Notre Père l’explique admirablement dans la Lettre à mes amis n° 140 : « C’est une terrible et grande leçon que nous donnent les siècles et à laquelle la Sainte Église n’a jamais contredit, que rien de grand ni de noble ne s’accomplit sur terre sans effusion de sang. Ce sang très pur révèle les forces plus hautes qui se livrent combat par la main des hommes, célestes et infernales, Michel et ses anges contre Satan et ses armées, jusqu’au jour que Dieu a fixé dans sa Sagesse insondable pour la victoire définitive de son Messie et de son Église. Ce sang nous interdit la tentation de croire qu’entre hommes et peuples, loin de Dieu et sans Jésus-Christ, nous puissions mettre un terme à cette longue lutte pour retrouver ensemble le paradis terrestre. Ce sang nous fixe notre devoir, qui est de défendre et d’étendre, par la charité et la justice, mais aussi bien par la force qui libère et la sagesse qui retient les conquêtes des armes, la Chrétienté jusqu’aux extrémités du monde. Il faut libérer les peuples qui gémissent sous la domination de Satan, et tout le reste est littérature... »
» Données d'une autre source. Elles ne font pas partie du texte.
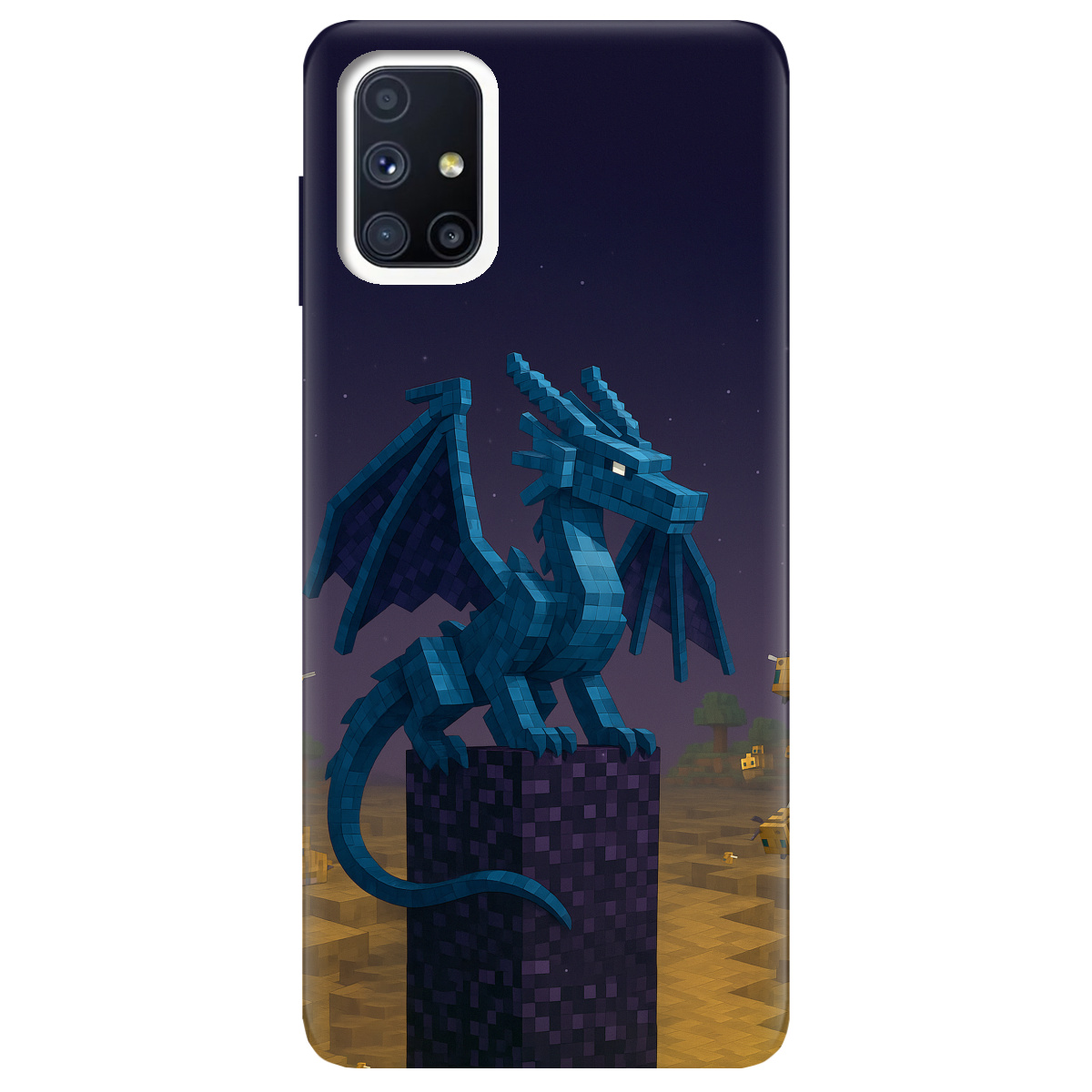 Чехол для Samsung Galaxy M51 Дракон Краю Майнкрафт - фото 1 - Чехлы для телефонов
La Croisade est donc un devoir sacré, un droit de guerre dont le Souverain Pontife est le maître. Elle est ordonnée pour la protection des missionnaires et des colons. C’est l’Église, par le pape Urbain II, qui l’ordonna en 1096 et, en prêchant la deuxième Croisade aux barons réunis à Vézelay à Pâques 1146, saint Bernard justifia surnaturellement ces combats que la Chrétienté doit entreprendre. Nous avons toute une lignée de saints et de mystiques qui l’ont recommandée ou qui y ont participé, de Saint Louis à sainte Jeanne d’Arc, du Père Joseph du Tremblay contre les protestants ou contre les Turcs. La Croisade est un effort héroïque et non une entreprise de pillage, car elle demande un renoncement aux biens de la terre : les Croisés qui partaient en Terre sainte devaient tout abandonner, et accepter une mort possible qui confine au martyre, surtout si on tombe sous le cimeterre du sarrasin ! C’est l’histoire des Croisades en Orient, mais pas seulement.
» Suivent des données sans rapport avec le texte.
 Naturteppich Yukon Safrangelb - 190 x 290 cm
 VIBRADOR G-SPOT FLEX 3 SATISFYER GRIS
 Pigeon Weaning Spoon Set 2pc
Le sacrifice héroïque de Dollard des Ormeaux au Canada dans la défense de Ville-Marie, fut un vrai martyre. Depuis le printemps 1650, les Iroquois alliés à d’autres tribus harcelaient les Français et leurs vagues d’assaut submergeant peu à peu Ville-Marie, Dollard des Ormeaux décida de se jeter sur les barbares et de se battre à mort pour impressionner leurs esprits. Seize jeunes colons se joignirent à lui et remontant l’Outawai, ils attendirent les Indiens à Long-Sault, à dix lieux de Montréal, le 1er mai 1658. Huit cents Iroquois se heurtèrent aux seize Français qui en tuèrent le tiers avant de succomber sous la hache des barbares. Voyant une telle résistance, les Iroquois renoncèrent à attaquer Ville-Marie.

En cette même année 1658, deux ans avant sa mort, le doux saint Vincent de Paul avait conçu avec le chevalier Paul, grand amiral de la flotte du roi, le projet d’attaquer Alger. Mais la Croisade est en horreur aux mondains et dans la deuxième moitié du dix-septième siècle, commençait à se répandre un mauvais esprit dans les sphères de la Cour de Louis XIV. « Ce que je sais des Croisades, c’est qu’elles ne sont plus de mode depuis Saint Louis », déclarait Monsieur de Pomponne, ministre de Louis XIV. On préférait développer le commerce avec les barbares plutôt que d’étendre le royaume du Christ, malgré les excommunications et au grand désespoir des missionnaires en poste en Afrique. L’esprit mercantile de Colbert l’a emporté sur l’esprit de Croisade prêché par Bossuet et toutes les expéditions tentées par Louis XIV n’eurent aucune suite.

Mais quand cette œuvre éminemment religieuse de la Croisade est abandonnée, c’est la mission qui en pâtit. En 1683, c’est le martyre du consul de France et vicaire apostolique, le lazariste Jean Le Vacher, attaché à la gueule d’un canon de sept mètres qui défendait l’entrée du port d’Alger.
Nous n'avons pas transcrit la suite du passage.